Write Custom Detection Signatures for InferenceWall

The 100 built-in signatures cover common attack patterns, but your application may have threats that are unique to your domain: internal project codenames that should never appear in LLM output, proprietary data formats, or custom prompt structures your team uses. Custom signatures let you codify those patterns in YAML and deploy them alongside the shipped catalog — without touching the package.

Create the signatures directory

mkdir -p ~/.inferwall/signatures

InferenceWall automatically loads all .yaml files from this directory at startup and merges them with the shipped catalog.

Write your signature YAML

Create a YAML file for your signature. The filename does not matter — only the id field inside the YAML is used for catalog merging.

cat > ~/.inferwall/signatures/custom-block-internal.yaml << 'EOF'
# Custom signature — block references to internal project names
signature:
  id: INJ-D-100
  name: Internal Project Name Leak
  version: "1.0.0"

meta:
  category: data-leakage
  subcategory: S
  technique: keyword-match
  severity: high
  confidence: high
  performance_cost: low
  tags: [internal, custom]

detection:
  engine: heuristic
  direction: output
  patterns:
    - type: substring
      value: "Project Nightingale"
    - type: substring
      value: "Project Falcon"
  condition: any

scoring:
  anomaly_points: 10

tuning:
  enabled: true
  default_enabled: true
  default_action: enforce
EOF

Verify the signature is picked up

Restart the server or reimport the SDK. InferenceWall performs the catalog merge at startup, so no hot-reload is needed — a restart is sufficient.

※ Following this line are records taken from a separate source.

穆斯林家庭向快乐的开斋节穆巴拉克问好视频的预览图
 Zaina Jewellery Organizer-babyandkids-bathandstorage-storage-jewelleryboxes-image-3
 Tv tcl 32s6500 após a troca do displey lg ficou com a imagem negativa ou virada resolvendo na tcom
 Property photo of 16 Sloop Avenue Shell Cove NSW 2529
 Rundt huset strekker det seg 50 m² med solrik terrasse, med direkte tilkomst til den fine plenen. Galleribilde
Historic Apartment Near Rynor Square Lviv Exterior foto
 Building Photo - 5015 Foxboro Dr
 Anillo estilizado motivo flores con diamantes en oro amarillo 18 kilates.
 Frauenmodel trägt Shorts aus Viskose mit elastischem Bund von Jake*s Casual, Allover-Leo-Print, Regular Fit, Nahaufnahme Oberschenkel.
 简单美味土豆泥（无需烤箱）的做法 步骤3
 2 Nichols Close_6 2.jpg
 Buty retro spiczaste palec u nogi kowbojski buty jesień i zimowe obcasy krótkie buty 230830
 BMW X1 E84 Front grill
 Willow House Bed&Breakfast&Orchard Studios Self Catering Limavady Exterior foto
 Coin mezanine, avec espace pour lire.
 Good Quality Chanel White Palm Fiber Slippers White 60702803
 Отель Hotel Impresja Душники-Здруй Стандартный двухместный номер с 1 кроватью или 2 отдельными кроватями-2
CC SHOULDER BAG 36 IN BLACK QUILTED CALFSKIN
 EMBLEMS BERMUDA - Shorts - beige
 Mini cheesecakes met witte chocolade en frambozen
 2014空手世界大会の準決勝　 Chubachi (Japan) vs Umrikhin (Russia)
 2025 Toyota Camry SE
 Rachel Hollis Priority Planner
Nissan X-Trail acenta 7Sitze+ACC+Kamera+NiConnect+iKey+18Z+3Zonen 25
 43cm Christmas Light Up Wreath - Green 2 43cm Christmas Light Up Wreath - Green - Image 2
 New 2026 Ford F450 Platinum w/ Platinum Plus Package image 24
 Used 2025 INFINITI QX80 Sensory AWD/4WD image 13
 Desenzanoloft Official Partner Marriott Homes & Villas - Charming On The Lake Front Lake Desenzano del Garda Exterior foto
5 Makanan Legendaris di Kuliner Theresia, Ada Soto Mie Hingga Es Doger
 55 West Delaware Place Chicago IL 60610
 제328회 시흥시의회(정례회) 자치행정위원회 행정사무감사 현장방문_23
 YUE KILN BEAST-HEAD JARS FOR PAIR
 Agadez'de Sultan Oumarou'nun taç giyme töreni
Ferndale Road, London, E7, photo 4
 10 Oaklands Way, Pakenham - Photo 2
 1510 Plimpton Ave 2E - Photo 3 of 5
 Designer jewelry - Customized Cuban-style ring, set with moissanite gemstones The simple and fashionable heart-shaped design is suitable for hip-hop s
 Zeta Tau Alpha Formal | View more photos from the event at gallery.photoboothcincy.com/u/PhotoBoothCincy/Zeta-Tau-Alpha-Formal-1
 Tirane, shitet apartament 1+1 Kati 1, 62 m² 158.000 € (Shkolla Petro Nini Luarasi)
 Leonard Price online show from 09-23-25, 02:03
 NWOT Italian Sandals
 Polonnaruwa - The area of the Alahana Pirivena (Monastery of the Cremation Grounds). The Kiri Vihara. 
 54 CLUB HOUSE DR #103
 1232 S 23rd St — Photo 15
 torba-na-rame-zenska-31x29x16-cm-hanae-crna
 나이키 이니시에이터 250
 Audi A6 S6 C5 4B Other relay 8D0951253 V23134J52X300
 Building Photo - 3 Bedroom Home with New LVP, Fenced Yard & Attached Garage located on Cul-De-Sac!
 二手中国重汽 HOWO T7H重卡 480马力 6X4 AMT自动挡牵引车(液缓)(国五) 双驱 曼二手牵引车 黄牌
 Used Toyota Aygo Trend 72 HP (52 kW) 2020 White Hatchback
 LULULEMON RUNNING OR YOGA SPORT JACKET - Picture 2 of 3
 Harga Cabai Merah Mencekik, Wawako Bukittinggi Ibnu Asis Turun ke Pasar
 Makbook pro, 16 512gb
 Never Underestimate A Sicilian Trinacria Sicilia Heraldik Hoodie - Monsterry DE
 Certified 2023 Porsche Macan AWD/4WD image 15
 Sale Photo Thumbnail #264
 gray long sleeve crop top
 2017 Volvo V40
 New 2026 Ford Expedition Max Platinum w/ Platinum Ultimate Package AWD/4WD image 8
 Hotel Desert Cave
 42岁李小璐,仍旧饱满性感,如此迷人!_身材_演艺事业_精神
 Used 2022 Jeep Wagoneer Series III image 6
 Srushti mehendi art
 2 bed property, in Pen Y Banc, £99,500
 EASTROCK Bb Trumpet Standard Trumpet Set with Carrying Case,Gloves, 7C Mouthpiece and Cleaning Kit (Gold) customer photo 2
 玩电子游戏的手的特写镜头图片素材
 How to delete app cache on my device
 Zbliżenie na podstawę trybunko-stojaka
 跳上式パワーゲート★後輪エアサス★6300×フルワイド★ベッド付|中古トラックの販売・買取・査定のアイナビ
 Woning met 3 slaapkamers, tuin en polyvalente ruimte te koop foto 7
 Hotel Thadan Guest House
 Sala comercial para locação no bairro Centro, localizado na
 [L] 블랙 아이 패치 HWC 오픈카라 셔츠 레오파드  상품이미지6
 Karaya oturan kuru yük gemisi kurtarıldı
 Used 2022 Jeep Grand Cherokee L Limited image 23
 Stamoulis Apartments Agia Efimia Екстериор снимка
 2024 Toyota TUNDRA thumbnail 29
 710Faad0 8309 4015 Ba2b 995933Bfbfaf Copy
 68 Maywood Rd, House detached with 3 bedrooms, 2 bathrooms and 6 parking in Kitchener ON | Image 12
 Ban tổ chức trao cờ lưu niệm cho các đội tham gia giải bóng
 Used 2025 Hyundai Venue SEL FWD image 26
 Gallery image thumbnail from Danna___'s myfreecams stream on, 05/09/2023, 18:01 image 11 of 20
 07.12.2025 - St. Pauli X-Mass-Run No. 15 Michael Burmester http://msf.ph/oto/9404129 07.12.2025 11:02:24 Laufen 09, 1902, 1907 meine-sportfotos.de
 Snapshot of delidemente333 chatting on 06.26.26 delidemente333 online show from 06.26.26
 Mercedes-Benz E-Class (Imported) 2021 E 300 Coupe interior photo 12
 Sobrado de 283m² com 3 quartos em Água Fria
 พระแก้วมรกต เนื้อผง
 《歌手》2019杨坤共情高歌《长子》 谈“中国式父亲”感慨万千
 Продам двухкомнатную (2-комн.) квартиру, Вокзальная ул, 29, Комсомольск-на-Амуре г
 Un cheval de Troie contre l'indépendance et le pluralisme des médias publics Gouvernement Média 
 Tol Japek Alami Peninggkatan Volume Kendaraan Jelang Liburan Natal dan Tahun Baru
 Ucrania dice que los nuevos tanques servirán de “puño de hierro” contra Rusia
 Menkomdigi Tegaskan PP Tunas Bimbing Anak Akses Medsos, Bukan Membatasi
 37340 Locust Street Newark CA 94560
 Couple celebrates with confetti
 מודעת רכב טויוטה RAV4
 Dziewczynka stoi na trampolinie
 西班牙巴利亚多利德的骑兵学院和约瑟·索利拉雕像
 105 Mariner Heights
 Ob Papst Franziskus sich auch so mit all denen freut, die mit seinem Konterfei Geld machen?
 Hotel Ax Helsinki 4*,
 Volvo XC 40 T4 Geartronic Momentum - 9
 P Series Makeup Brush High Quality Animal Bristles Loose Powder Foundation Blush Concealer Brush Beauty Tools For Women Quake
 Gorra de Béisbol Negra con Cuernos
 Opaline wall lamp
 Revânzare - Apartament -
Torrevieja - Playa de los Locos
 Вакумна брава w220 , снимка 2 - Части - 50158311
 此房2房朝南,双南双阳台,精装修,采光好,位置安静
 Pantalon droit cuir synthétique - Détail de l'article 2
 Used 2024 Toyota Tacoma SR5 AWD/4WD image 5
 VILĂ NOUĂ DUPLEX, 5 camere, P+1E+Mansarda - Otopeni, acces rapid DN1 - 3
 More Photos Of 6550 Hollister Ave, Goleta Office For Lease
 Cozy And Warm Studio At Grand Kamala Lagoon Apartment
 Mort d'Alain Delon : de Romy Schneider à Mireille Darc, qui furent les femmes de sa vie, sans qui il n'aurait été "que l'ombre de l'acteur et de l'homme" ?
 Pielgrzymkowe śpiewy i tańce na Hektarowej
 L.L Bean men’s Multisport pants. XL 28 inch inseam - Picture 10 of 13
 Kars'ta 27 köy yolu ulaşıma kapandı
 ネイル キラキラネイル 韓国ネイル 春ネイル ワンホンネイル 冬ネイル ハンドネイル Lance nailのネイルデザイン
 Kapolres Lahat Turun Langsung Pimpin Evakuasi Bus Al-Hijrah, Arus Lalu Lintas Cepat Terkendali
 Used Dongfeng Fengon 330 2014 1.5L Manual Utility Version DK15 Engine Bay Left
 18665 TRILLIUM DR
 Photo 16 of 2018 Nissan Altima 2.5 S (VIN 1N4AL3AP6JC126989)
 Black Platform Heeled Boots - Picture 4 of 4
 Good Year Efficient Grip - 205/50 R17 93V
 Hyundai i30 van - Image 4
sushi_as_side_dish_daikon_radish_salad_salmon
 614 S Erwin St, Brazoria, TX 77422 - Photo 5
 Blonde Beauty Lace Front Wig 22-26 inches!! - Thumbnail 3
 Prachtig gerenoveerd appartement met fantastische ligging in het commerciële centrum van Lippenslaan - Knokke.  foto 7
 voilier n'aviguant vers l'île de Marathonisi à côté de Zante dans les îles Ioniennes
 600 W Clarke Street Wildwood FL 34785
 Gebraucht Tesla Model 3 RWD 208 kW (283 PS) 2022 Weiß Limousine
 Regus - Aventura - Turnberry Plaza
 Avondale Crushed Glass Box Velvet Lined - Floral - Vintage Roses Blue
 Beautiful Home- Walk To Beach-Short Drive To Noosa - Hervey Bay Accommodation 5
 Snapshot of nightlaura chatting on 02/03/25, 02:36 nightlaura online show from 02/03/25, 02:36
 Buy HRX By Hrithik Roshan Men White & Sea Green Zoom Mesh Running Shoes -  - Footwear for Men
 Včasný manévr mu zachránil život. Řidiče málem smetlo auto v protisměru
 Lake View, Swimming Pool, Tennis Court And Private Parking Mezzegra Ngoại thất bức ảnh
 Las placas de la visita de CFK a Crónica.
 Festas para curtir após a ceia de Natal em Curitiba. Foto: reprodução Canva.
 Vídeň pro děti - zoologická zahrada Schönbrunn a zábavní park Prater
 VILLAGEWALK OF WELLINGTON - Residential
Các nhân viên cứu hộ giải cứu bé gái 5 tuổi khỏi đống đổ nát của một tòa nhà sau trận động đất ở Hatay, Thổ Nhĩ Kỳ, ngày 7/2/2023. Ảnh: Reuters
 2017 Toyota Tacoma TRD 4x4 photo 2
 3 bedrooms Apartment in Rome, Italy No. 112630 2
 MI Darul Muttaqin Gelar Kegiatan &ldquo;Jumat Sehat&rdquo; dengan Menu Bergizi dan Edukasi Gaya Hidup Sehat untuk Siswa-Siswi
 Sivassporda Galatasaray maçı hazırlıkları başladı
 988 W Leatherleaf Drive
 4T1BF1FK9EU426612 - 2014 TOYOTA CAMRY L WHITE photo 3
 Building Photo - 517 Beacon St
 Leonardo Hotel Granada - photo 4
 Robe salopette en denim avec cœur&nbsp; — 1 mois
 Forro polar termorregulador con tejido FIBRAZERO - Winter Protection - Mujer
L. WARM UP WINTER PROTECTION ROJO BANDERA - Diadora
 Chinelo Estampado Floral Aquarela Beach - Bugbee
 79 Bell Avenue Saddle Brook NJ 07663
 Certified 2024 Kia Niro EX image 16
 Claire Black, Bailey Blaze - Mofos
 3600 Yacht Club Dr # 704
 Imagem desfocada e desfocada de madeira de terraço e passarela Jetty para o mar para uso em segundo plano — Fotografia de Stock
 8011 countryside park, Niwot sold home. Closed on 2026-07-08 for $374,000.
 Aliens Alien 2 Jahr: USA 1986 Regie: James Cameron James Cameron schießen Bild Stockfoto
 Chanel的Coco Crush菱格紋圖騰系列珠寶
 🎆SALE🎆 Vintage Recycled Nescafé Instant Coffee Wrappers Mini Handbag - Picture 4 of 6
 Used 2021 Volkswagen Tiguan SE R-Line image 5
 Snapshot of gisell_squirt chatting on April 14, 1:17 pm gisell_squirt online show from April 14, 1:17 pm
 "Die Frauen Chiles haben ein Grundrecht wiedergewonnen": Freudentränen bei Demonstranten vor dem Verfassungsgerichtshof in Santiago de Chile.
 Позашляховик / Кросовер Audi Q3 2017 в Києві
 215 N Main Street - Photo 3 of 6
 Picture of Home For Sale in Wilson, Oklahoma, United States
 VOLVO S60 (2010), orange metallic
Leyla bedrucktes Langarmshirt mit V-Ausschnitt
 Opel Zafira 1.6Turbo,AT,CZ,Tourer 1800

# If running the API server
inferwall serve

# Confirm the signature loaded by checking the health endpoint
curl http://localhost:8000/v1/health

Signature YAML format

Every signature is a single YAML file with four top-level sections. The full schema:

# License: CC BY-SA 4.0 — https://creativecommons.org/licenses/by-sa/4.0/

signature:
  id: INJ-D-001        # Unique ID: {CATEGORY}-{SUBCATEGORY}-{NUMBER}
  name: Role-Play Persona Jailbreak
  version: "1.0.0"

meta:
  category: prompt-injection    # prompt-injection, content-safety, data-leakage, agentic, system-prompt
  subcategory: direct           # Category-specific subcategory
  technique: role-play-persona  # Specific technique name
  owasp_llm: "LLM01:2025"      # Optional: OWASP LLM Top 10 mapping
  atlas: ["AML.T0054", "AML.T0051.000"]  # Optional: MITRE ATLAS technique IDs
  severity: high                # critical, high, medium, low, info
  confidence: high              # high, medium, low
  performance_cost: low         # low (<1ms), medium (1-50ms), high (>50ms)
  tags: [jailbreak, persona]    # Optional freeform tags

detection:
  engine: heuristic             # heuristic, classifier, semantic, llm-judge, composite
  direction: input              # input, output, bidirectional
  patterns:
    - type: regex               # regex, substring, semantic, perplexity, encoding, unicode
      value: "(?i)act\\s+as"
  condition: any                # any (OR), all (AND), weighted

scoring:
  anomaly_points: 8             # 1-15 points added on match

tuning:
  enabled: true
  default_enabled: true
  default_action: enforce       # enforce or monitor

Signature ID format

IDs follow the pattern {CATEGORY}-{SUBCATEGORY}-{NUMBER}. Use a number above 099 for custom signatures to avoid colliding with the shipped catalog.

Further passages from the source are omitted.